Tout s’annonçait parfait. L’hôtel du bord de lac, le repas, les nouvelles rencontres. Une douce sensation envahit Léa sitôt les portes dorées du palace franchies. Les bourrasques qui, quelques instants plus tôt, cognaient contre elle, l’obligeant à longer de près les bâtiments aux enseignes clignotant vulgairement, n’étaient plus qu’un écho sourd. Elle pénétra dans la salle des banquets d’une allure altière, honorée de participer au Gala de charité de la Colombe, l’une des soirées les plus courues de la ville.
Elle fut vite happée par l’atmosphère joviale des lieux, se découvrit elle-même douée d’entregent, et passa d’un cercle de conversation à un autre avec la virtuosité d’un colibri. Ce n’était pas le hasard qui l’avait conduite ici, mais au contraire une détermination sans bornes à fréquenter le gratin de la ville. Elle croisa son reflet dans l’un des miroirs escaladant les parois recouvertes de moulures et de tapisseries, et se jugea à la hauteur de la situation. La robe fourreau noire, les escarpins, l’art maîtrisé de siroter son cocktail comme d’autres effleurent un tissu précieux. Du bout des doigts et des lèvres. Parfait donc ! Elle chercha la meilleure façon de jouir de la soirée au milieu de ces visages tous très connus dans la finance, le spectacle, la politique, au moment où une voix se fit entendre au micro pour prier tout le monde de gagner les tables dressées. Léa se retint de justesse de s’emparer d’un couteau pour s’y mirer. De la vaisselle en argent à la blancheur des nappes amidonnées, tout était si raffiné !

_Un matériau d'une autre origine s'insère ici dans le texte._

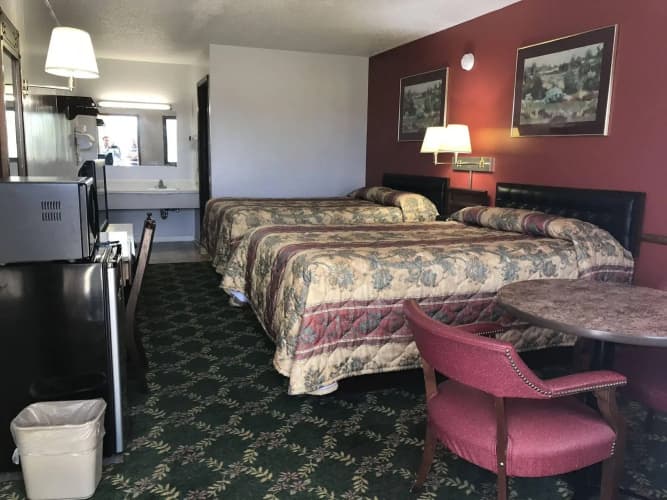 Budget Host Inn 4
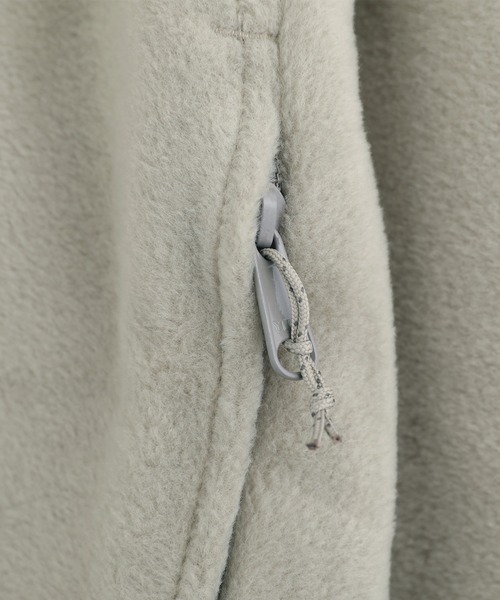 Columbia（コロンビア）の「Columbia/コロンビア スティーンズマウンテンフルジップ フリース ジャケット / Steens Mountain Full Zip（ブルゾン・メンズ・ブラック/ブラック系その他/ベージュ系その他/ヘザーチャコール/アイボリー系/ネイビー/ネイビー系/レッド系その他・S/M/L/XL/XXL）」の14枚目の写真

« Ma chère ! » fit un monsieur en costume lie-de-vin d’un sourire satisfait en offrant à Léa de s’asseoir devant le porte-nom qu’il avait deviné comme étant le sien. La salle entière était galvanisée par ce petit jeu, découvrir le plan des tables, avec qui untel serait assis. Il fallait dans un même temps faire croire que l’on avait soi-même été exaucé, qu’on ne pouvait rêver meilleure compagnie. Autant dire qu’en ces instants, dans la comédie des Ah! et des Oh!, les mots de l’animateur lancés depuis l’estrade étaient devenus inaudibles. Pour Léa, la situation était encore pire. L’homme en costume non seulement ignorait la voix au micro, mais semblait aussi ignorer qu’une conversation se réalisait à plusieurs. Comble de malchance pour la jeune femme, il était son voisin direct. En quelques minutes, et sans que personne ne lui demande quoi que ce soit, il avait déjà décliné toutes les lignes de son CV. Il raconta ainsi enchaîner succès sur succès dans le négoce des denrées.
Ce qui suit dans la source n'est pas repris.